→ **What needs to be done**
Drop every picture and give the entries back exactly.

══ Provided records ══

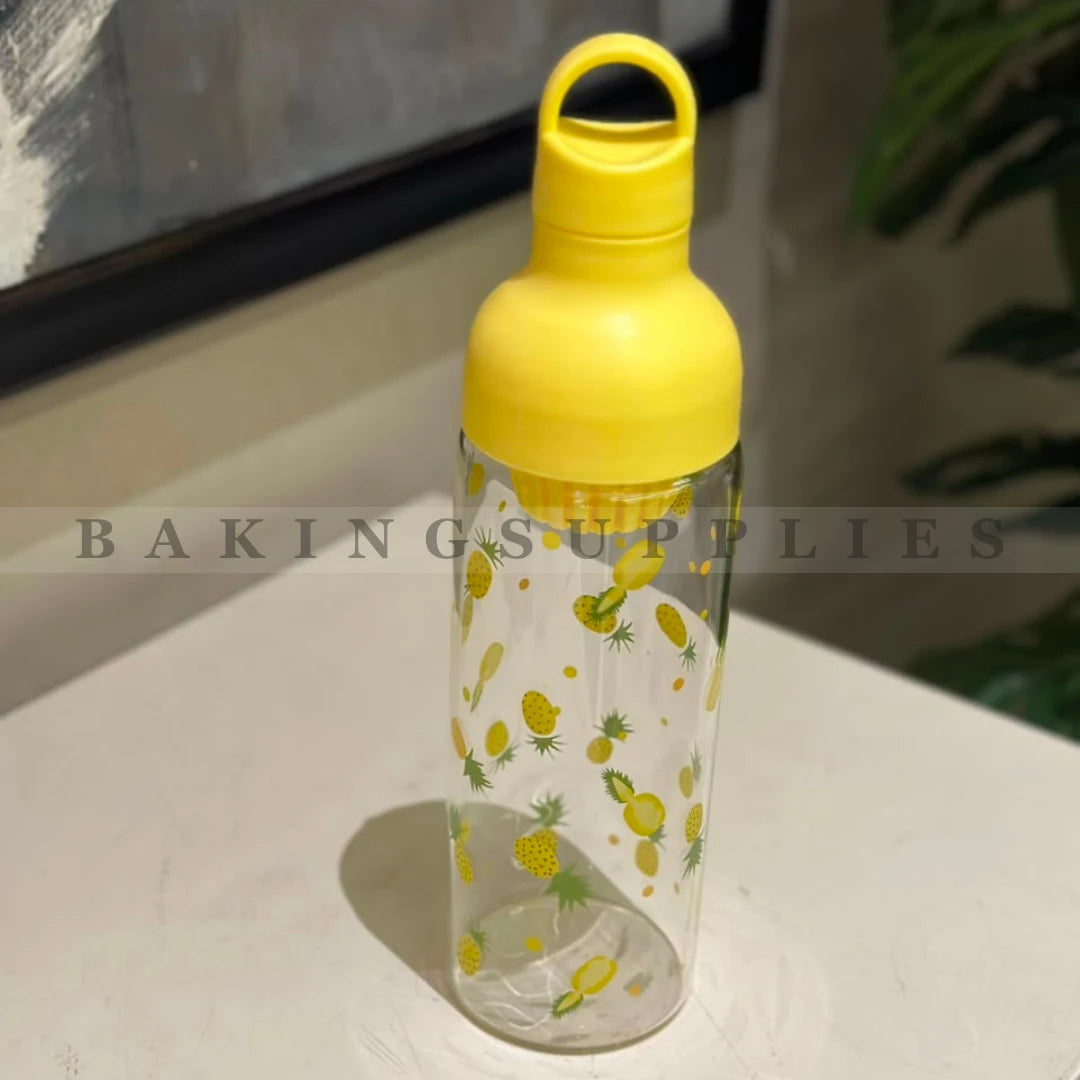 Printed Glass Water Bottle with Carry Handle
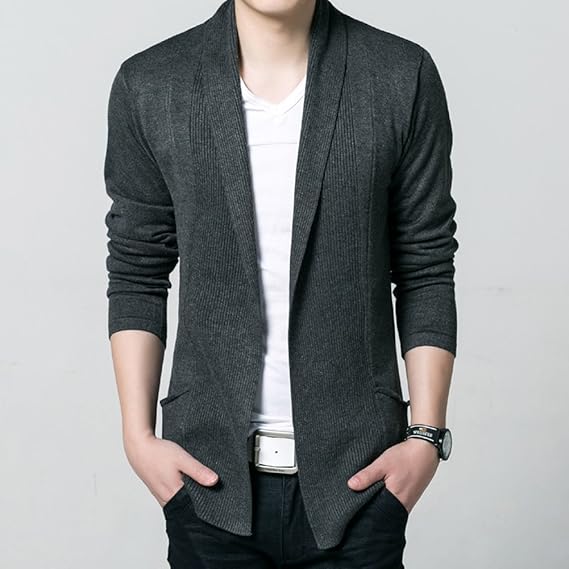 Amazon チーアンtiann メンズ カーディガン 羽織 襟付き ニットカーディガン カーデ ストレッチ コットン 着回し ジャケット風 カーディガン 通販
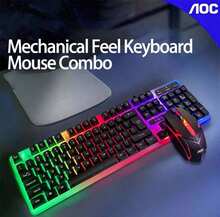AOC Combo de teclado y ratón con cable KM100: ratón silencioso y teclado cómodo, disponible en blanco y negro, Plug and Play, conjunto universal con cable para ordenador, teclas de alta definición, ratón silencioso para uso de oficina. - Ver 7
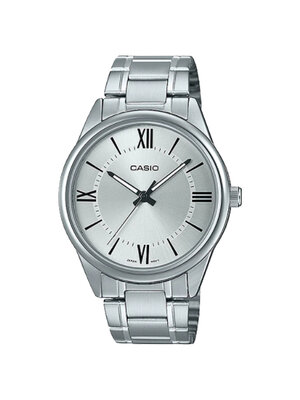 CASIO นาฬิกาคาสิโอ นาฬิกาข้อมือ นาฬิกากันน้ำ นาฬิกาของแท้ ประกันศูนย์ CMG 1 ปี รุ่น MTP-V005D-7B5 นาฬิกาสีเงิน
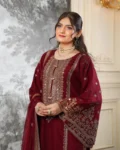 Fendy Silk Embroidered Top Sharara & Dupatta Set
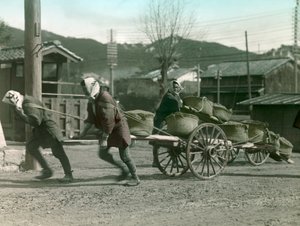 فلاحون يابانيون يجرون أكياس الأرز على عربة، حوالي عام 1900 - 1915 (صورة فوتوغرافية)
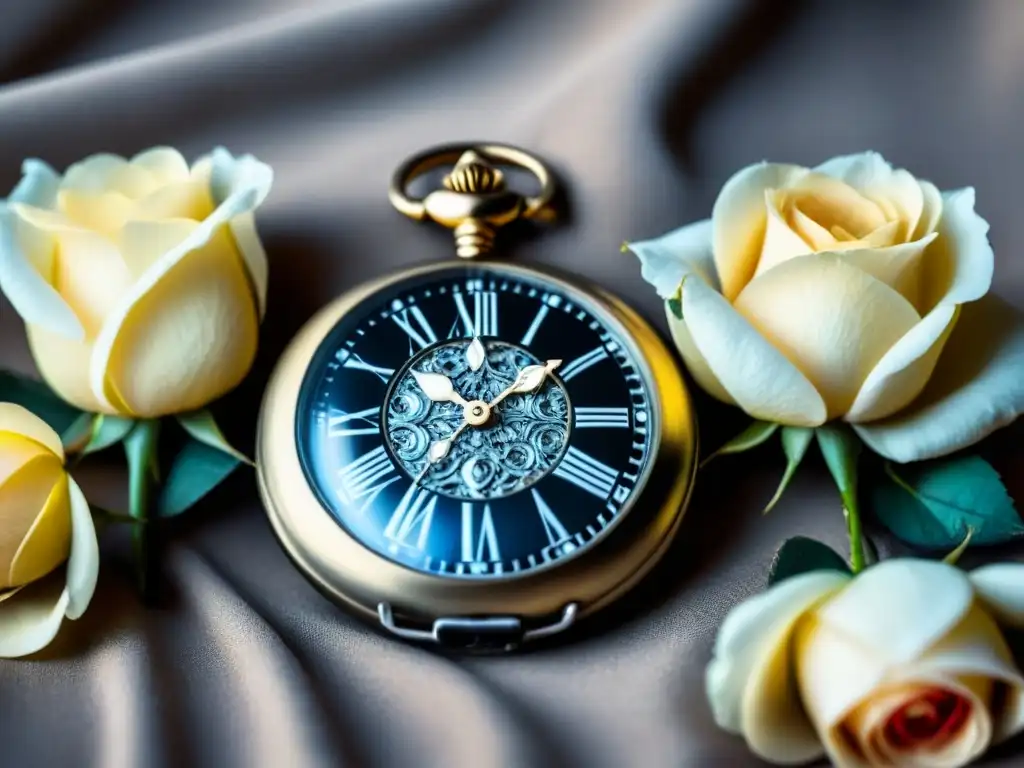 Reloj vintage sobre rosas, simbolizando el tiempo y la eternidad en poesía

═══

→ **Result below**
 Printed Glass Water Bottle with Carry Handle
 Amazon チーアンtiann メンズ カーディガン 羽織 襟付き ニットカーディガン カーデ ストレッチ コットン 着回し ジャケット風 カーディガン 通販
AOC Combo de teclado y ratón con cable KM100: ratón silencioso y teclado cómodo, disponible en blanco y negro, Plug and Play, conjunto universal con cable para ordenador, teclas de alta definición, ratón silencioso para uso de oficina. - Ver 7
 CASIO นาฬิกาคาสิโอ นาฬิกาข้อมือ นาฬิกากันน้ำ นาฬิกาของแท้ ประกันศูนย์ CMG 1 ปี รุ่น MTP-V005D-7B5 นาฬิกาสีเงิน
 Fendy Silk Embroidered Top Sharara & Dupatta Set
 فلاحون يابانيون يجرون أكياس الأرز على عربة، حوالي عام 1900 - 1915 (صورة فوتوغرافية)
 Reloj vintage sobre rosas, simbolizando el tiempo y la eternidad en poesía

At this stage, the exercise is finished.